Cuddy fechou os olhos, as lágrimas finalmente escapando. O hospital, sua autoridade como diretora, sua força... tudo parecia ter evaporado. Diante de Mark, ela voltava a ser a garota insegura que ele quase destruiu anos atrás.

— Eu não sou mais aquela pessoa — sussurrou ela, embora sua voz não tivesse convicção.

— Ah, Lisa... — Mark acariciou o rosto dela com o dorso da mão, um gesto que era mais uma ameaça do que uma carícia. — Você sempre será minha. E se aquele médico aparecer aqui de novo, eu vou garantir que ele precise de mais do que uma bengala para andar.

Do lado de fora, no escuro de seu carro, House observava a silhueta dos dois através das cortinas finas. Ele sentia a dor na perna latejar com uma intensidade brutal, mas ele não tomou seu remédio. Ele precisava daquela dor. Ele precisava que ela o lembrasse de que, às vezes, para salvar alguém, você precisa ser mais implacável do que o monstro que a está perseguindo.

Ele discou outro número. Desta vez, não era para Wilson.

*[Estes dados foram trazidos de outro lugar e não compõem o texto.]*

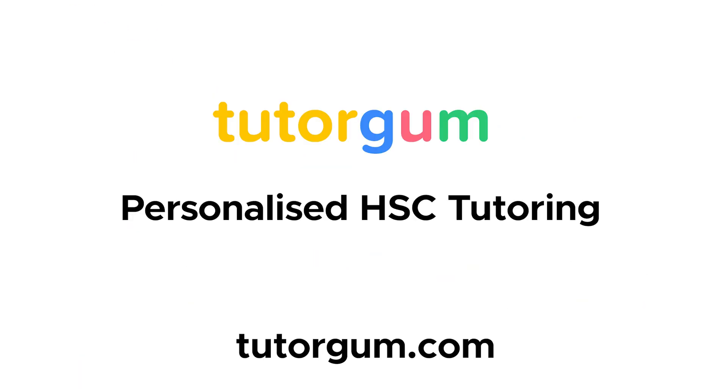We offer physics, chemistry, and math tutoring. For more insightful explanations like this one, head to TutorGum.com.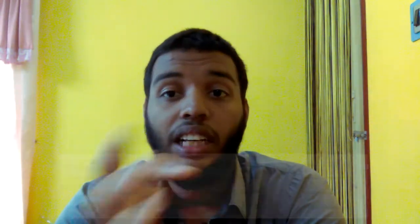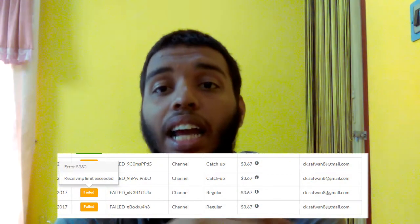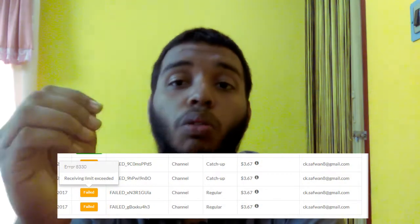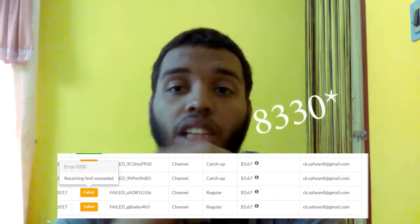So about this issue — I got an error of 'Receiving Limit Exceeded' and the error code was 5330, which is going to be in the title.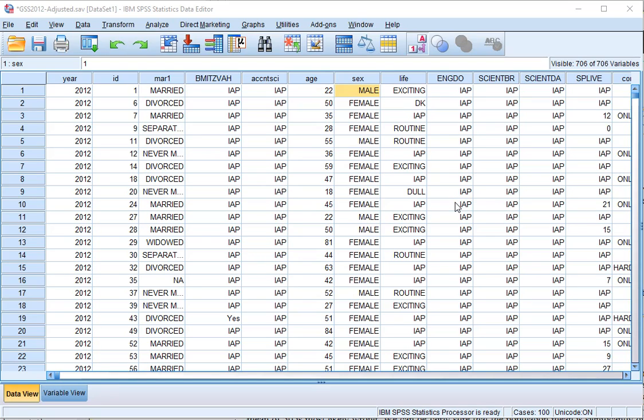Welcome, in this video I'm going to show you how you can determine a 95 or any percentage confidence interval for a mean in SPSS using the Explore option.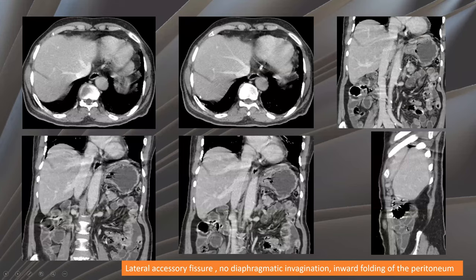Here, this patient has a lateral accessory fissure. Two accessory fissures are due to inward enfolding of the peritoneum into the liver surface.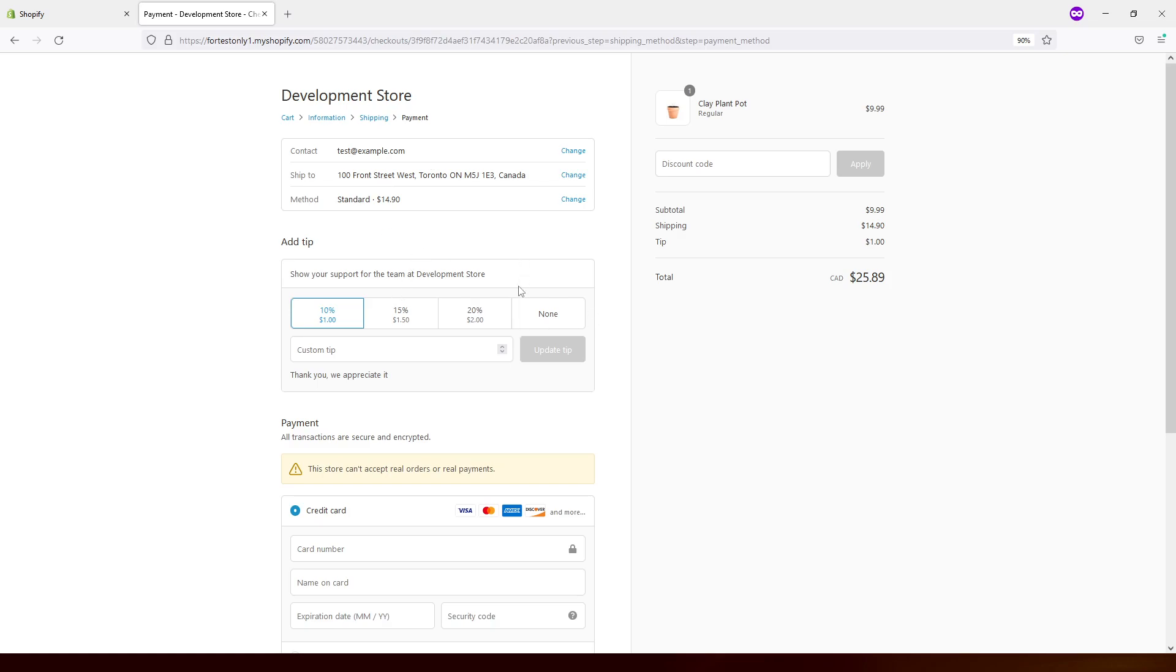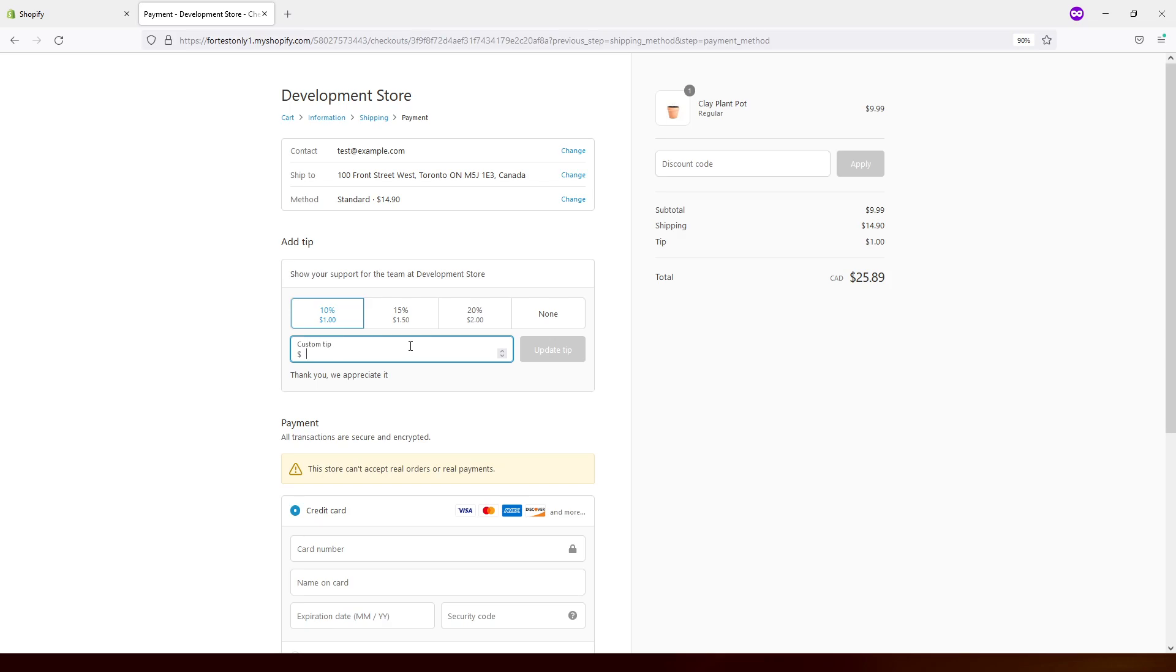And also I would like to note that tipping is usually applied to the subtotal amount. In my case, the product is $9.99. So tipping of 10% is about $1. And also customers can add a lesser tip, which is a custom tip. We can add 50 cents or something.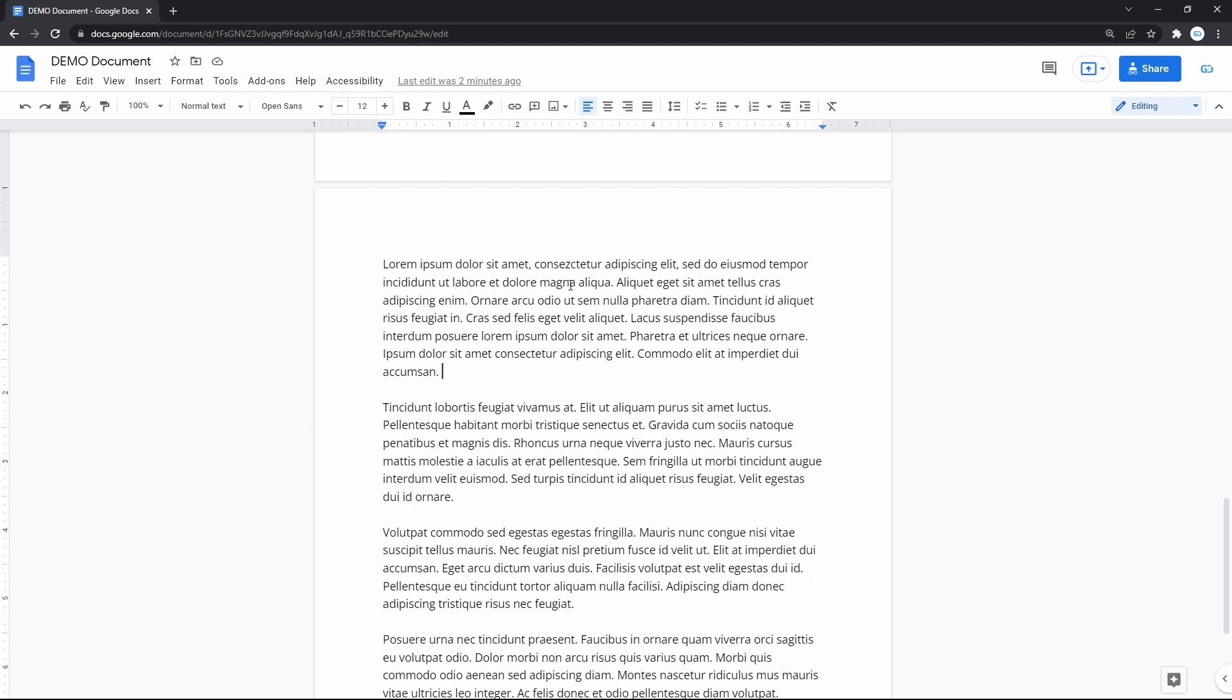Google Docs, Slides and Sheets, Microsoft Word, Excel, Adobe Photoshop, for example, and basically everything.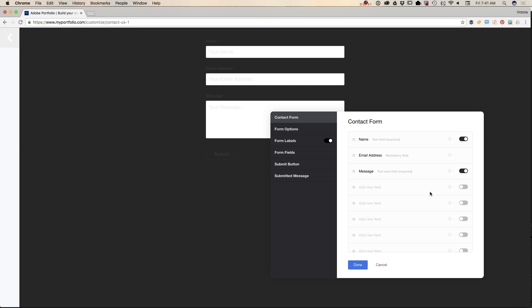If you want some specific field, like a phone number or any other information from your potential client or viewers, you can add this field simply by clicking on this button and you can customize it. You can add any text you want.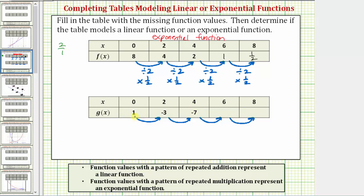We recognize that one minus four is equal to negative three, and negative three minus four is equal to negative seven. By recognizing this pattern, we can now complete the table by continuing the pattern: negative seven minus four equals negative eleven, and negative eleven minus four is equal to negative fifteen.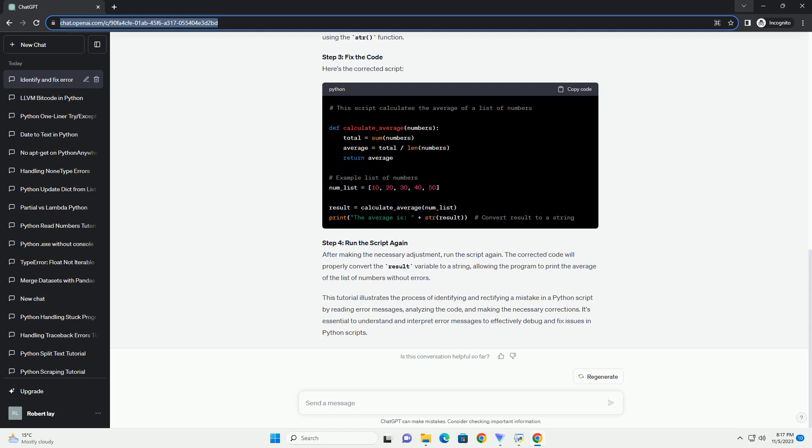ChatGPT: To create a tutorial about identifying mistakes in Python scripts, let's use an example script and walk through the process of finding and rectifying the mistakes within it. Here's an example Python script.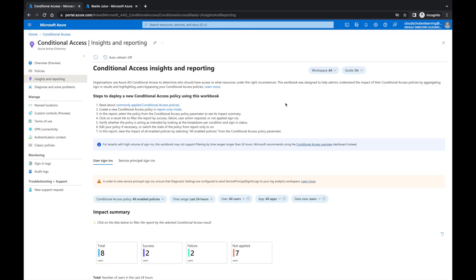Hey, what's going on Cloud Scholars? I hope your day is going well. I'm your host Kieran Tross. Welcome back, and for anyone visiting for the first time, a special welcome. In this video I'm going to talk about conditional access insights and reporting and show you exactly how you navigate through this section within Microsoft Azure.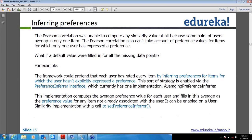Now coming to inferring preferences. Pearson correlation has this drawback that if two users are sharing more items and two other users are sharing very small items, it doesn't count how many items the two users were sharing, and it can still show the same number. So there is something called average preference inference — for items where preference values are not given, it will try to come up with the average value for that and then compute the Pearson correlation similarity sort of thing.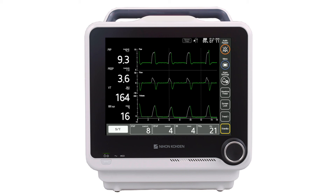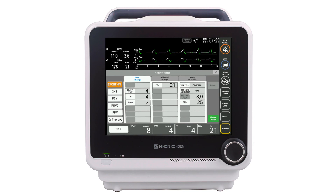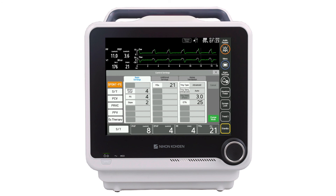To change the ventilation mode or access additional control settings, touch the change mode button. When changing ventilation mode, the clinician selects the new mode, presets the settings for the new mode, then touches the change mode button to confirm the start of the new mode. From this window, clinicians can also access additional ventilation controls by selecting the additional settings tab or tabs that are available.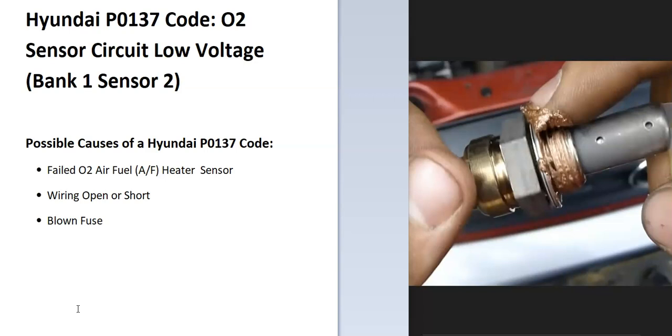And bank one is always the side of the engine with the number one cylinder, and sensor two will be the second sensor going down on that side. So if you have a four cylinder, it wouldn't matter. There'd just be one bank. But if you had a V6, then you'd have two banks.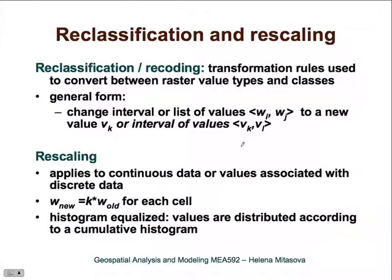Another important basic operation is reclassification and rescaling, where we change values in raster maps based on certain rules — either based on intervals, individual values, or an equation. For the equation-based approach, that would be rescaling, and there are many different types of rescaling.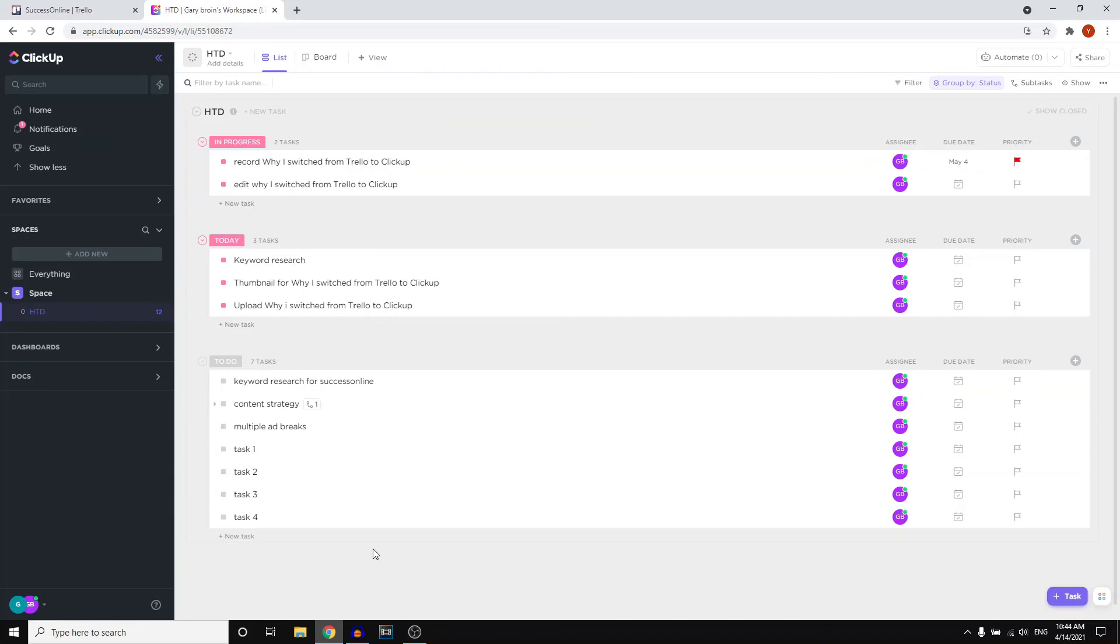Overall, am I happy with my decision? Yes, I definitely am. I love ClickUp. I still love Trello, don't get me wrong. It's just that I do like ClickUp a little bit more because the overview it gives me for my specific projects is just better and the workflow that I've set up is really easy for me.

— Foreman? — House disse quando o neurologista atendeu. — Quero que você e o Chase comecem uma busca nos registros criminais de Nova Jersey e Nova York. Procurem por ordens de restrição e agressão. O nome é Mark.

— House, do que você está falando? — Foreman perguntou, confuso.

— Apenas faça — ordenou House. — A vida da Cuddy depende disso. E se vocês falharem, eu juro que faço vocês trabalharem no ambulatório pelo resto da eternidade.

House desligou o telefone e voltou a olhar para a janela. Ele sabia que Cuddy estava sofrendo. Ele sabia que ela estava apavorada. E, pela primeira vez em sua vida, Gregory House não estava preocupado em estar certo ou em resolver um quebra-cabeça. Ele só queria que ela estivesse segura.

Mesmo que, para isso, ele tivesse que mostrar a ela o lado mais sombrio de sua própria natureza.

O beijo que ele presenciara ainda queimava em sua mente como um ácido. Ele sabia que Mark o fizera para provocá-lo, para estabelecer domínio. O que Mark não sabia era que House não jogava pelas regras. House não era um cavalheiro, não era um herói e certamente não tinha escrúpulos.

— Você escolheu o alvo errado, Mark — sussurrou House para o vidro do para-brisa. — Eu sou o cara que vê o que ninguém mais vê. E eu já vi o seu fim.

Ele ligou o motor, mas não saiu do lugar. Ele ficaria ali a noite toda se fosse preciso. Vigiando. Esperando. Porque Lisa Cuddy podia ter medo de seu passado, mas Mark deveria ter muito mais medo do que Gregory House era capaz de fazer por amor — mesmo que ele nunca tivesse coragem de admitir esse sentimento em voz alta.

As horas passaram lentas. A luz do apartamento de Cuddy finalmente se apagou, deixando House na escuridão total da rua deserta. O silêncio era interrompido apenas pelo som rítmico da chuva que começava a cair, lavando o asfalto, mas incapaz de limpar a sujeira que House sentia impregnada no ar.

Ele sabia que a batalha estava apenas começando. Mark não era apenas um namorado abusivo; ele era um perseguidor, um manipulador que sabia exatamente onde apertar para fazer Cuddy quebrar. Mas House tinha uma vantagem. Ele era o mestre da manipulação.

— Vamos ver quem quebra primeiro — murmurou House, fechando os olhos por um breve momento, a imagem de Cuddy desamparada gravada em sua retina, alimentando o fogo frio de sua determinação.

A manhã chegaria em breve, e com ela, House começaria a mover suas peças no tabuleiro. E Mark não teria a menor chance contra o homem que fazia do caos a sua casa.